Wir betrachten also den Menschen als Gesamtheit seiner Organ-Anteile, als erlebendes Ich, als Anteil seiner Gemeinschaft und als Teil einer Gesellschaft, falls es eine gibt. Indem Gemeinschaft und Gesellschaft weitgehend zerbrochen sind, hat sich der Mensch also verkleinert, weil die Platon-Erklärung kaum noch funktioniert. Je entfremdeter der Mensch, desto weniger Platon. Das ist auch insofern interessant, dass Platon oder platonisch ja bekanntlich mit der Sehnsucht, der Vergeistigung oder der Transzendenz gleichgesetzt wird. In sich hinein hören wäre aristotelisch, vielleicht noch buddhistisch, aber aus sich heraus hören, wäre demnach platonisch oder auf einen Gott gerichtet oder eben gar nicht mehr, Meditation versus Kontemplation. Wobei die zweite viel schwieriger ist. Auch ohne jetzt spirituell zu werden, selbstverständlich gibt es diese Aspekte des Geistigen - jedenfalls geben wir dem Menschen jetzt vier Ebenen seines Selbst:
innen – Bewusstseinsebene – außen – Transzendenz
Die atomare Ebene haben wir weggelassen, weil sie klassisch und tatsächlich als Bestandteil des Menschen nicht in Erscheinung trifft. Die Bewusstseinsebene, so könnte man argumentieren, tritt als Dreiheit, als Körper, Psyche und Geist in Erscheinung, oder auch als Verstand, Wille und Gefühl oder was derlei Spielchen noch mehr sind. Seine äußeren Ebenen treten als erlebte Gemeinschaft und als rein theoretische Gesellschaft in Erscheinung, als wie auch immer geartetes Über-Ich. Wobei wir jetzt rein materielle Aspekte, wie die Steuererklärung nicht zum Bestandteil seines Selbst erheben wollen…

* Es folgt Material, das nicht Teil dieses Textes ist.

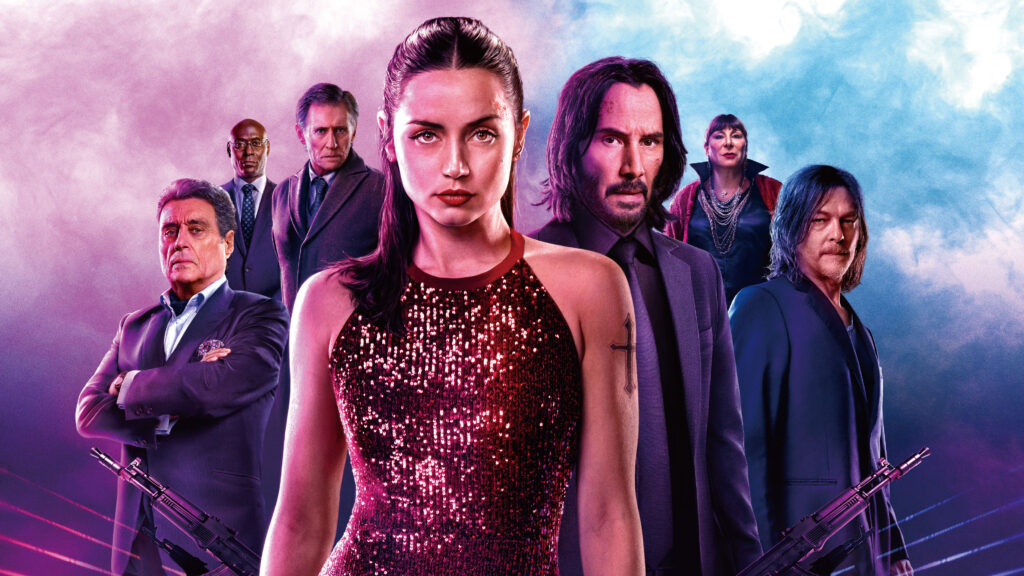 新たな“復讐の女神”アナ・デ・アルマスが繰り広げるキリングアクション『バレリーナ:The World of John Wick』本予告が解禁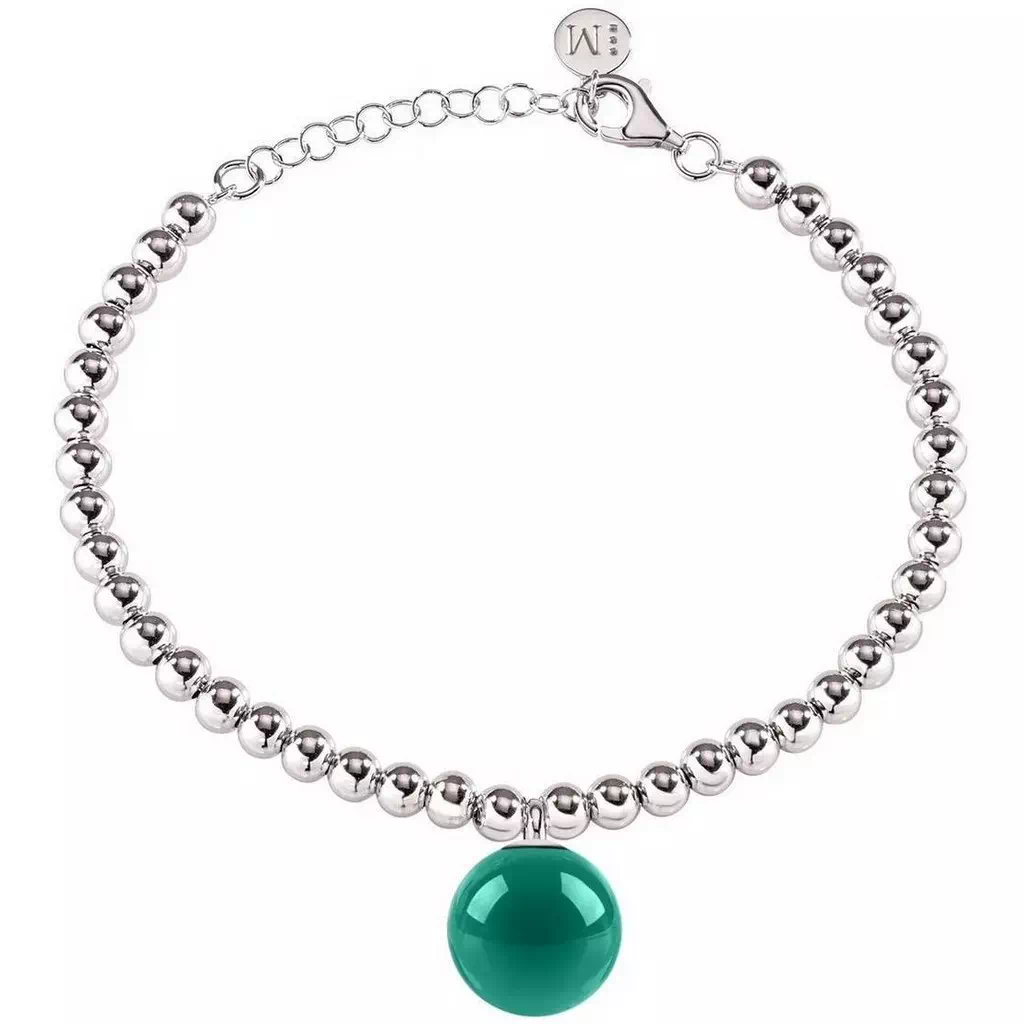 Bracelet Femme Morellato Boule Chaîne en Acier Inoxydable SALY20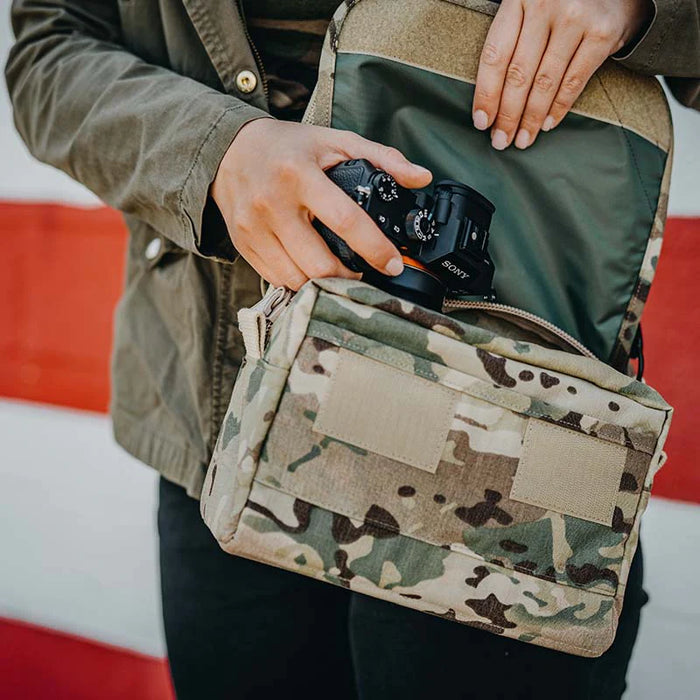 Domke F-5XB Shoulder/Belt Bag - Camouflage
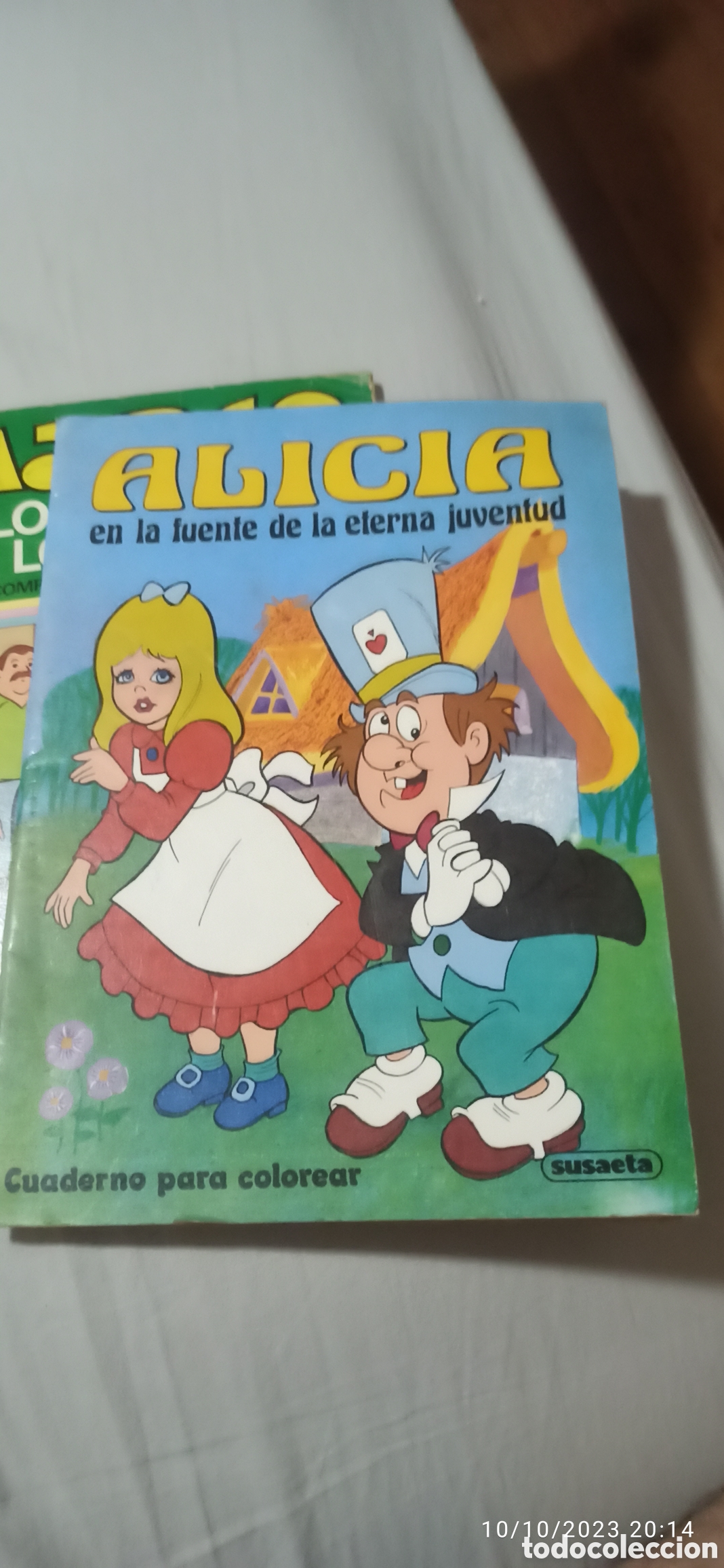 C&oacute;mics: Alicia en la fuente de la eterna juventud - Foto 1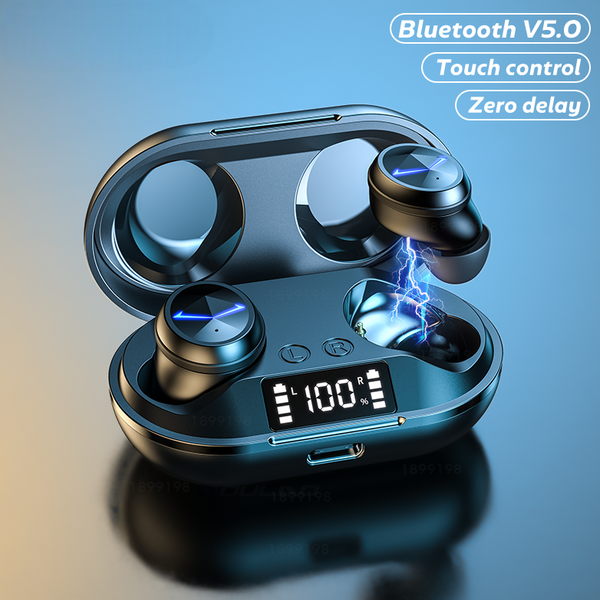 Auricolari Bluetooth 5.0 - TWS Bluetooth - Vip Selection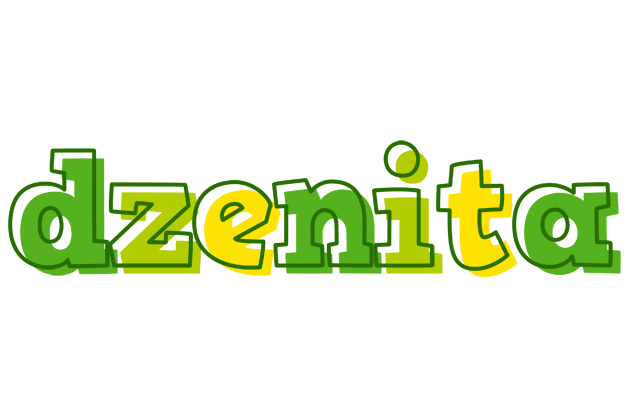 Dzenita juice logo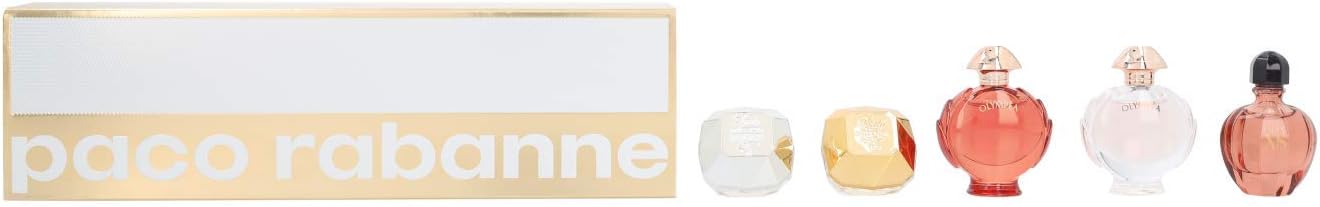 Paco Rabanne Eau De Parfum 5 Piece Gift Set - Image 3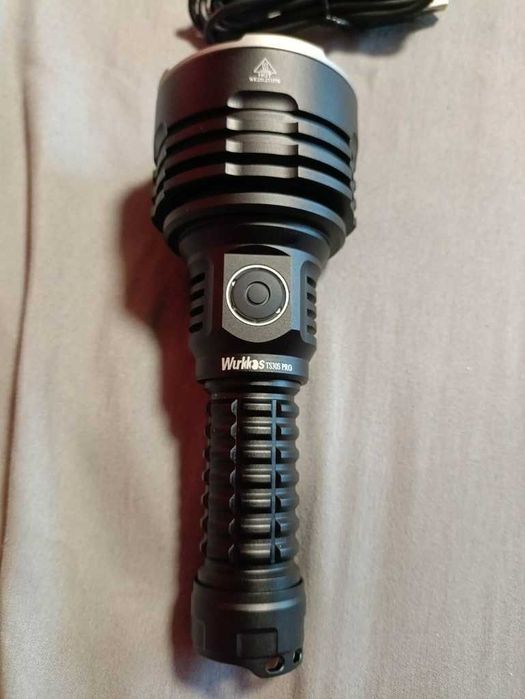 Latarka szperacz Wurkkos TS30S Pro 6000lm 1086m, 5000mAh, Anduril 2.0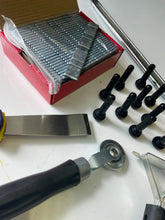将图片加载到图库查看器，15PCS tire repair kit (400pcs wheel weights 20in tire lever TR414 valve)

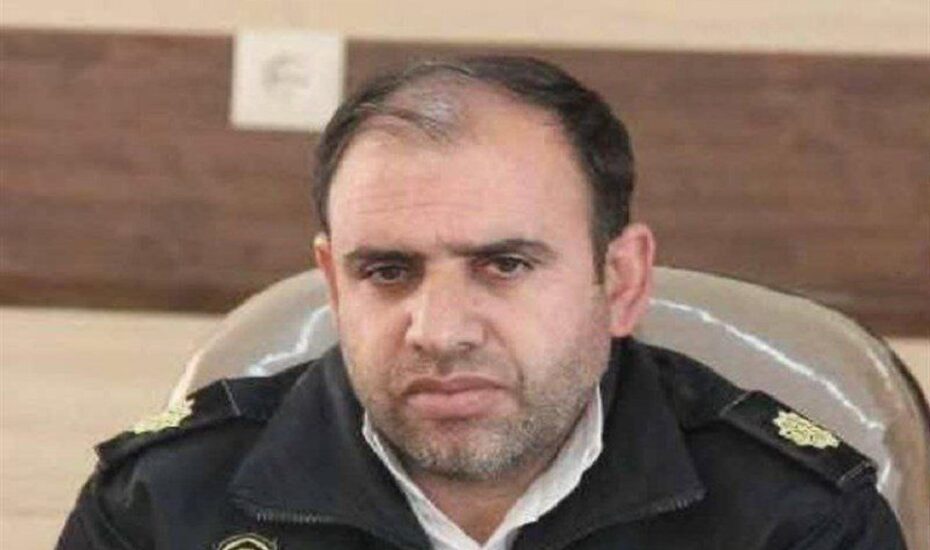 فرمانده پلیس‌راه دلفان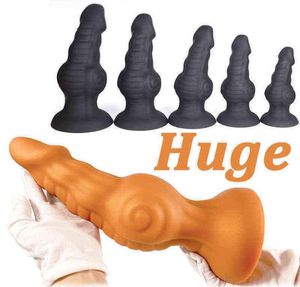 NXY Anal Toys nouveaux stimulateurs géants et vaginaux pour hommes femmes sexe Gay masseurs de Prostate godes gros bouchons 12187618789
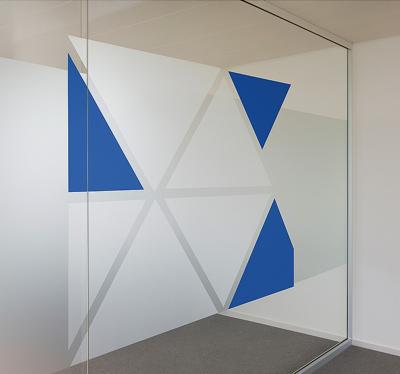 Driehoeksvormen raamstickers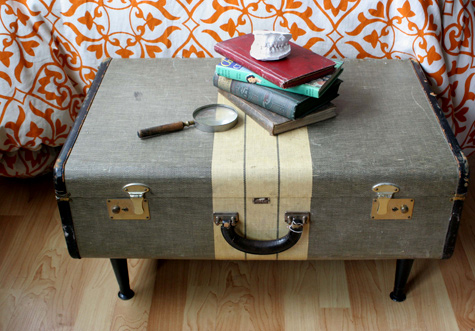 Suitcase Coffee Table.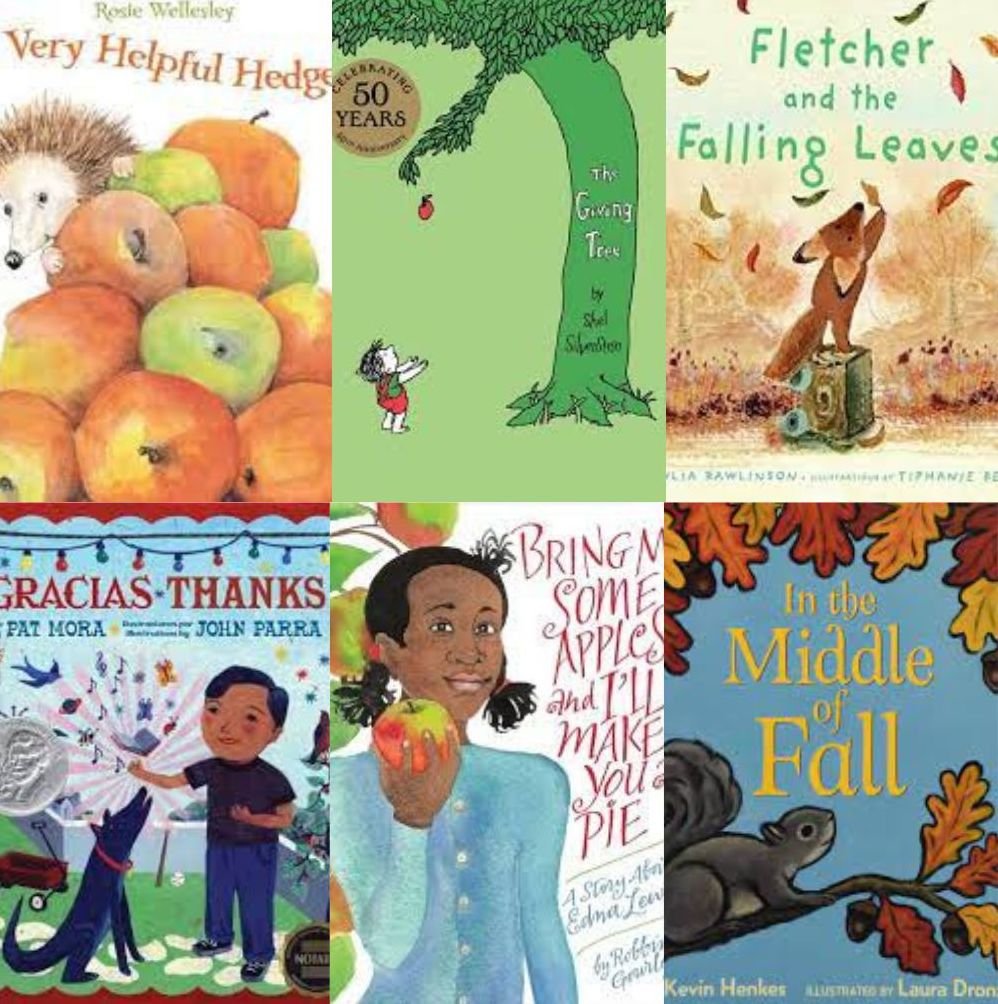 Autumn Picture Books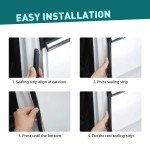 Rubber Seal Strip for Car Door and Window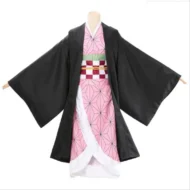 Demon Slayer Kimetsu Full Cosplay Costume – Kimetsu no Yaiba Outfit for Adults | Guftway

Dennoch, irgendwie endet die Ichgrenze eben doch nicht bei der Haut. Ich meine jetzt auch nicht die Astralgrenze, über die gestritten wird, ich meine das viel profaner. Wie wir an Goethe oder Hitler sehen können, sind wir doch von ihnen nicht ganz so weit weg, wie ihre Leichname. Menschen hören im Tod eben doch nicht ganz auf zu existieren und auf irgend eine Weise müssen wir dem Rechnung tragen, dass wir alle im Leben bestimmte Wirkungen erzielen, je weniger mundtot gemacht, desto mehr, aber eben nicht Null. Langer Text kurzer Sinn, der Mensch ist nicht seine Körpermasse, er ist mehr und nach außen offenbar noch mehr als nach innen. Denn wenn wir an Goethe denken, so dachten wir jedenfalls bisher nicht an seine Leber.
Warum schreibe ich das hier und jetzt und zu einer Zeit, in der Wirtschaftsmodelle, Krisen, Kriege, Diskussion um Blödheit in der Politik oder Diktatur, um sich greifen und von oben den Menschen klein machen, am besten auf weniger Körpermasse beschränken wollen und sein Ausatmen zum CO2-Verbrechen aufblasen und seine kooperativen Fähigkeiten am besten für nichts achten. Also warum schreibe ich über Aristoteles oder Platon in diesem Sinne? Weil wir in der Realität MEHR sind als unsere Hautgrenze, in allen öffentlichen Verlautbarungen sind wir aber WENIGER.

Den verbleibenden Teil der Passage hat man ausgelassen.